** Task requirements **
The data below holds a line containing "A father and" and a line containing "Pendentif Cabochon Argent - chat"; please quote exactly those two lines and every line between them, and nothing else.

---------------

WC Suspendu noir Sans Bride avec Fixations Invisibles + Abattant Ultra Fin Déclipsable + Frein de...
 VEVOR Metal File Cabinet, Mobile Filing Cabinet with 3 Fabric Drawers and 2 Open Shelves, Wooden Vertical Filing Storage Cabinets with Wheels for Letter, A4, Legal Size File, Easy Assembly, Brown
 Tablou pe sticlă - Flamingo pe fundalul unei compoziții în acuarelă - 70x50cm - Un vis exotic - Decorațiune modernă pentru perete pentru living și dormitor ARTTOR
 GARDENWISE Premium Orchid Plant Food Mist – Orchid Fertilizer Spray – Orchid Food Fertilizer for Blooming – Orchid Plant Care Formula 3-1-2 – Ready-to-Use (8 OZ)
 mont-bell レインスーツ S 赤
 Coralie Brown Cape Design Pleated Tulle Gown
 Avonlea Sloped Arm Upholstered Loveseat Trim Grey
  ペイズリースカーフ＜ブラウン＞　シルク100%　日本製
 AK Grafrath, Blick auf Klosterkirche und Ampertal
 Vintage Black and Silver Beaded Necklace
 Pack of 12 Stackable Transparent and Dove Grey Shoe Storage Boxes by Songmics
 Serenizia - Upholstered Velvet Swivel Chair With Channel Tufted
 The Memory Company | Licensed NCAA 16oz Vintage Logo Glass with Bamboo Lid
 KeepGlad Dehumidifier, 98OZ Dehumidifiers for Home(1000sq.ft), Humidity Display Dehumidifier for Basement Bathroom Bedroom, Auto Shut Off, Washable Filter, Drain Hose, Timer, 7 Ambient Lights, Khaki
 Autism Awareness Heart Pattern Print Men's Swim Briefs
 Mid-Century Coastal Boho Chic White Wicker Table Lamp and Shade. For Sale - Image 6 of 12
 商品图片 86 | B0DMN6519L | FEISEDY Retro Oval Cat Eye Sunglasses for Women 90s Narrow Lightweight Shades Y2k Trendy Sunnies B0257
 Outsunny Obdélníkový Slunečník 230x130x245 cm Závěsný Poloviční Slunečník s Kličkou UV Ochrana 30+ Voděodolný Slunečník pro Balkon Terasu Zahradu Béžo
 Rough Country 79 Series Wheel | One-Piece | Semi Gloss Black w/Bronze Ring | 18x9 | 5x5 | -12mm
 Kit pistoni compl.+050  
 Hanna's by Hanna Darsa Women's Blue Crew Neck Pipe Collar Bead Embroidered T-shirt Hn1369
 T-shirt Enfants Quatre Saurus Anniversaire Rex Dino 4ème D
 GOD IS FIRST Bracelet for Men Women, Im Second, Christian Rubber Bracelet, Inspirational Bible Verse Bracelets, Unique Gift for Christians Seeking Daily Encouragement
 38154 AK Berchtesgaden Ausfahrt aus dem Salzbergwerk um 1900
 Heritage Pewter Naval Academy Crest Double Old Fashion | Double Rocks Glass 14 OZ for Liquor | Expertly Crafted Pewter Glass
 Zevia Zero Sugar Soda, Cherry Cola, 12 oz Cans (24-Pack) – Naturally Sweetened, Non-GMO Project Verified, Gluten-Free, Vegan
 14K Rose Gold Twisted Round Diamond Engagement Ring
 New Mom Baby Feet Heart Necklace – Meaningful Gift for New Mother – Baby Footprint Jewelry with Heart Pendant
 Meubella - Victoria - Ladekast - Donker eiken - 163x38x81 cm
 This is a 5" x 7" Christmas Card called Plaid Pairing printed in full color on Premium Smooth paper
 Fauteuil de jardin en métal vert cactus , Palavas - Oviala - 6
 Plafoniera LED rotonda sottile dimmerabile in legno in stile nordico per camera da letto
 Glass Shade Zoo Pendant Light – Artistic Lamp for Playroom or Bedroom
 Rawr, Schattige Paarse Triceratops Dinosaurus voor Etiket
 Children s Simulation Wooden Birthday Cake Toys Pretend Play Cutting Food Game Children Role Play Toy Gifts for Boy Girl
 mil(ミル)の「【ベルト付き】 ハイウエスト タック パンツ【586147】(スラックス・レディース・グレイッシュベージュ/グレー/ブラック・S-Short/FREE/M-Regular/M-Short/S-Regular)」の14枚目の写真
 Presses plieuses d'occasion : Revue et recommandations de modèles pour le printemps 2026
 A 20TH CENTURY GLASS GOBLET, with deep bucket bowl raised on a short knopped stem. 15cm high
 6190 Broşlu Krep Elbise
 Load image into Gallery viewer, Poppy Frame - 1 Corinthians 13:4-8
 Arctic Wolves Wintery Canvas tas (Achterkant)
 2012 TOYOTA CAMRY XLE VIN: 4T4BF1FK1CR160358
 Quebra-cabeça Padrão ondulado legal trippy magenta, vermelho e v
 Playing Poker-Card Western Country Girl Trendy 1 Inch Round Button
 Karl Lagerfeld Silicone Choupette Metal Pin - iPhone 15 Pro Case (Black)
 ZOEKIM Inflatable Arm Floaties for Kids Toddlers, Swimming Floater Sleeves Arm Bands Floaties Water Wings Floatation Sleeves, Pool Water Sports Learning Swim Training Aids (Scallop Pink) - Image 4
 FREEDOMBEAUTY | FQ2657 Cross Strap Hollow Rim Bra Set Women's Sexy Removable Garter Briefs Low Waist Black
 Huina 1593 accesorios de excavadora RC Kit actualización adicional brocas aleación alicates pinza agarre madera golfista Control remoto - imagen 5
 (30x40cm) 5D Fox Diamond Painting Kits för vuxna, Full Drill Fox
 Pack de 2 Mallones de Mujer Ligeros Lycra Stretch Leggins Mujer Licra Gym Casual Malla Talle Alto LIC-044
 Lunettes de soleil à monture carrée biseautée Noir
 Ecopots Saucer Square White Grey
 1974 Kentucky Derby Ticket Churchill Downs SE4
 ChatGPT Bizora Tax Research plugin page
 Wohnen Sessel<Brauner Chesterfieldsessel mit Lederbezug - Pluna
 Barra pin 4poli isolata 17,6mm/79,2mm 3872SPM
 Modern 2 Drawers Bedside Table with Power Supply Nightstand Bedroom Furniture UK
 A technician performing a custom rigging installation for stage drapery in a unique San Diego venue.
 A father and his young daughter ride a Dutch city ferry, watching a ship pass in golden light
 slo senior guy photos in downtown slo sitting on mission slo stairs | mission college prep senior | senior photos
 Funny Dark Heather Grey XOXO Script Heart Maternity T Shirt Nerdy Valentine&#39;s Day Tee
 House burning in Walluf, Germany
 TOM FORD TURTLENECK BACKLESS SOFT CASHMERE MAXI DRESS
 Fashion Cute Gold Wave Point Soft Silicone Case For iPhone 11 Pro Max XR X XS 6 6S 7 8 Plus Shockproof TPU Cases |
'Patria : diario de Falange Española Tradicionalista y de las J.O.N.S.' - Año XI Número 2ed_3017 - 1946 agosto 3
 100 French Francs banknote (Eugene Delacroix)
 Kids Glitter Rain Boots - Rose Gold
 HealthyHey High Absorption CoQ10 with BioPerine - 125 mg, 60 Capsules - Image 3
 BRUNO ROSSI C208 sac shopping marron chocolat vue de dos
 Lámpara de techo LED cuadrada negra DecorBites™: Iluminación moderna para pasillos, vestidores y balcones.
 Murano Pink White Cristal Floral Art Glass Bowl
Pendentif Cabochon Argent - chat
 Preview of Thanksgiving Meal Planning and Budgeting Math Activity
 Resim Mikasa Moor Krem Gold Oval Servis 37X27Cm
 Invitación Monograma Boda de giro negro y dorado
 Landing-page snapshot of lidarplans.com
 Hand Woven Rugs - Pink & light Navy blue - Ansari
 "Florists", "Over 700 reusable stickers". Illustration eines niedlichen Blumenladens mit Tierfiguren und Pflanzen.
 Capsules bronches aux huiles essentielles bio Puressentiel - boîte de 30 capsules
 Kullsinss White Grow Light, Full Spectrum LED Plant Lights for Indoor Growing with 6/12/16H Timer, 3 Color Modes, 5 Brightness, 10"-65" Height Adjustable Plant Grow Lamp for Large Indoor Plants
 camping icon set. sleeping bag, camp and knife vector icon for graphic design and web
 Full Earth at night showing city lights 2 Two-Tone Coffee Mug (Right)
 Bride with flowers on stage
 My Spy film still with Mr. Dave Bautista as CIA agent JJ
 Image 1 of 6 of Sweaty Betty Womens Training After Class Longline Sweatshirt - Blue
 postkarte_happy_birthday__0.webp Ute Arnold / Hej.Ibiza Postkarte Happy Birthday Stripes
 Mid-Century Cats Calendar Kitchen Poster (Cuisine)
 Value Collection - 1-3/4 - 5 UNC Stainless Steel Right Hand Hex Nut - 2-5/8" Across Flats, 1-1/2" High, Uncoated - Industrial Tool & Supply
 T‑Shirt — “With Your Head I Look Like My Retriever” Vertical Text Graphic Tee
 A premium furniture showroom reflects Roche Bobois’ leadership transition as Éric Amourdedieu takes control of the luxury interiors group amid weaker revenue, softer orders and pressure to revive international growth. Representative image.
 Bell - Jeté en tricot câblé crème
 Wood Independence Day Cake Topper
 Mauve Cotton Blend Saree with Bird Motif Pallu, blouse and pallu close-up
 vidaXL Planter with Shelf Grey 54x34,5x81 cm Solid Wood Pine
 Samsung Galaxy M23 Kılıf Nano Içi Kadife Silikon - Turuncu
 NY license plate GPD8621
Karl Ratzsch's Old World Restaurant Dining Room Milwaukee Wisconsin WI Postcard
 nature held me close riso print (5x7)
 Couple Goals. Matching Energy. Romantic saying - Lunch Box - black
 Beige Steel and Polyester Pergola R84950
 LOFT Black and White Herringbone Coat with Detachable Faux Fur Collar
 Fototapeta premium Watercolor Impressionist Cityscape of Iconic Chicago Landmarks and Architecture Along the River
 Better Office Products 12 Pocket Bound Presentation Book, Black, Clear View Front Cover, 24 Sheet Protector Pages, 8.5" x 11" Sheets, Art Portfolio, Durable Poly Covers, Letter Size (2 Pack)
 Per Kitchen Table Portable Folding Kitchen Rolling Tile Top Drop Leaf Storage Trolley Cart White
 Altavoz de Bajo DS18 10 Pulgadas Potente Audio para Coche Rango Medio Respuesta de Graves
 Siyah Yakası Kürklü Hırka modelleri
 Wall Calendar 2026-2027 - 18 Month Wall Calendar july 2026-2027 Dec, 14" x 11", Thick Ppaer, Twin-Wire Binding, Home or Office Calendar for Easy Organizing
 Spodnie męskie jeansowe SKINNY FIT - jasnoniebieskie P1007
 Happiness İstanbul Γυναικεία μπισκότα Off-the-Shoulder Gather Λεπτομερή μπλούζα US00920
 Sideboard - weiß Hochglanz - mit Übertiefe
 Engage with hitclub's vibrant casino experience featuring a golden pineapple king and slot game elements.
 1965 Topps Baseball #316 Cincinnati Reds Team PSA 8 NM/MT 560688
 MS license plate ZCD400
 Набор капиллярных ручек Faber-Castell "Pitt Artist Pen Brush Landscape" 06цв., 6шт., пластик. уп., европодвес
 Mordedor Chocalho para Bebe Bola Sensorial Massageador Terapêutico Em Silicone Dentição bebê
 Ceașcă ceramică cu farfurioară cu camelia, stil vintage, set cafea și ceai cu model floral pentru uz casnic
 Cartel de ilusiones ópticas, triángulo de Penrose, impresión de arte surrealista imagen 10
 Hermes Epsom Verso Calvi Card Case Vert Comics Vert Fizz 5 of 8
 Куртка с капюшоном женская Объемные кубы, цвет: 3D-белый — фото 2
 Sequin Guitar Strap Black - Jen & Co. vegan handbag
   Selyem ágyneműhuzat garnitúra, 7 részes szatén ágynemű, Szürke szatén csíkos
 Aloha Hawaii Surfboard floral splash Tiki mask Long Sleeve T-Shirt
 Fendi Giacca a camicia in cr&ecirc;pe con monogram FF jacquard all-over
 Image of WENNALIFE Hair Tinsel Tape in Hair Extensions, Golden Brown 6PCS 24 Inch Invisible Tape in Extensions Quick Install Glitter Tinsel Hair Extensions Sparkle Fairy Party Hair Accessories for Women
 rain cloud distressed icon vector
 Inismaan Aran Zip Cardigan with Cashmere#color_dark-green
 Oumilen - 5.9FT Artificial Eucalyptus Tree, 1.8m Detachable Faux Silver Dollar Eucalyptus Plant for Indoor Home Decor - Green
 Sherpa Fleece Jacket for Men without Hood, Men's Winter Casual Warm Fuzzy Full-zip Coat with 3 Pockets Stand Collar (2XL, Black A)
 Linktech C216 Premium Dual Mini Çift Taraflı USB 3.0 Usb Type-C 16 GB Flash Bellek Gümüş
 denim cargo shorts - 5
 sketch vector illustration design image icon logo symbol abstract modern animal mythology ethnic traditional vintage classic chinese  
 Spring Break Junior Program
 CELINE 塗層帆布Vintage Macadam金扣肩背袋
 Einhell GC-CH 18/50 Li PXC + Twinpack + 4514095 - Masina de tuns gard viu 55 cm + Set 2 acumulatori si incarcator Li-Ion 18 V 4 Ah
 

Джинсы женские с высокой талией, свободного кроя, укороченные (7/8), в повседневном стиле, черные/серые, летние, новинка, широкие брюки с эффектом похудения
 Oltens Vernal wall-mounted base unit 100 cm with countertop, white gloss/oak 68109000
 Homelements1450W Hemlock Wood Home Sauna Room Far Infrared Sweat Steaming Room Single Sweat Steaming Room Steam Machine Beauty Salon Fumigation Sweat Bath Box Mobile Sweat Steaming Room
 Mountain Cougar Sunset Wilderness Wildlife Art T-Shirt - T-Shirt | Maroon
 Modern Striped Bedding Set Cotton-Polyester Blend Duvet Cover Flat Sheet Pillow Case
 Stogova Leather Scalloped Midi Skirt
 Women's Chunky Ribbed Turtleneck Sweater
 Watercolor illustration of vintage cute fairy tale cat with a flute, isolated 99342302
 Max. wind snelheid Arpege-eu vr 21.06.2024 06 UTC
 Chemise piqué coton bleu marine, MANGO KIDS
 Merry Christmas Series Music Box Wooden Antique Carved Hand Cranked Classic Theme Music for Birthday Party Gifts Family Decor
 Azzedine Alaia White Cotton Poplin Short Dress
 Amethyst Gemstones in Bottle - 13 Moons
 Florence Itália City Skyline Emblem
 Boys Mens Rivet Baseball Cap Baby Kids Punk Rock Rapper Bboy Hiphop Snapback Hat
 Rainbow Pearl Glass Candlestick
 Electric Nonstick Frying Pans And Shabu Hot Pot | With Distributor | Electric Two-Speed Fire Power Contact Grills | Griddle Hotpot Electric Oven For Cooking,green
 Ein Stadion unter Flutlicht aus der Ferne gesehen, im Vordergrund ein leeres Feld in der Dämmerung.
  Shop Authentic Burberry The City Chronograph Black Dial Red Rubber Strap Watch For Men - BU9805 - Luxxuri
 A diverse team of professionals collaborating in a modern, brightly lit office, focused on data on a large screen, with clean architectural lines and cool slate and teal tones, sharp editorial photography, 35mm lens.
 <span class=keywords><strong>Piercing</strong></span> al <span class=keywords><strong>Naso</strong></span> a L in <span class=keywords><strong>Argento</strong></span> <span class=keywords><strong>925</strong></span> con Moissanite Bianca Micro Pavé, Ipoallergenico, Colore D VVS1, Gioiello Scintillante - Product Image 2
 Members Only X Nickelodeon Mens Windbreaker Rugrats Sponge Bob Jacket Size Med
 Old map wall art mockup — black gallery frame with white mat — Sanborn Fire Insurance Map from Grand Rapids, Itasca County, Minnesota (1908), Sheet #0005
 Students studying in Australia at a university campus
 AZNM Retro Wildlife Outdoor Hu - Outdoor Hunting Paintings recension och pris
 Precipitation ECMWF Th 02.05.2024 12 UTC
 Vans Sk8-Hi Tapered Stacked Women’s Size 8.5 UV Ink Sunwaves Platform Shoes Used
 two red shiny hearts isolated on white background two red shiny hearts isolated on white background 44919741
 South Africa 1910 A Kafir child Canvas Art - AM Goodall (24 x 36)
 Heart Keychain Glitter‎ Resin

---------------

** Exercise result **
 A father and his young daughter ride a Dutch city ferry, watching a ship pass in golden light
 slo senior guy photos in downtown slo sitting on mission slo stairs | mission college prep senior | senior photos
 Funny Dark Heather Grey XOXO Script Heart Maternity T Shirt Nerdy Valentine&#39;s Day Tee
 House burning in Walluf, Germany
 TOM FORD TURTLENECK BACKLESS SOFT CASHMERE MAXI DRESS
 Fashion Cute Gold Wave Point Soft Silicone Case For iPhone 11 Pro Max XR X XS 6 6S 7 8 Plus Shockproof TPU Cases |
'Patria : diario de Falange Española Tradicionalista y de las J.O.N.S.' - Año XI Número 2ed_3017 - 1946 agosto 3
 100 French Francs banknote (Eugene Delacroix)
 Kids Glitter Rain Boots - Rose Gold
 HealthyHey High Absorption CoQ10 with BioPerine - 125 mg, 60 Capsules - Image 3
 BRUNO ROSSI C208 sac shopping marron chocolat vue de dos
 Lámpara de techo LED cuadrada negra DecorBites™: Iluminación moderna para pasillos, vestidores y balcones.
 Murano Pink White Cristal Floral Art Glass Bowl
Pendentif Cabochon Argent - chat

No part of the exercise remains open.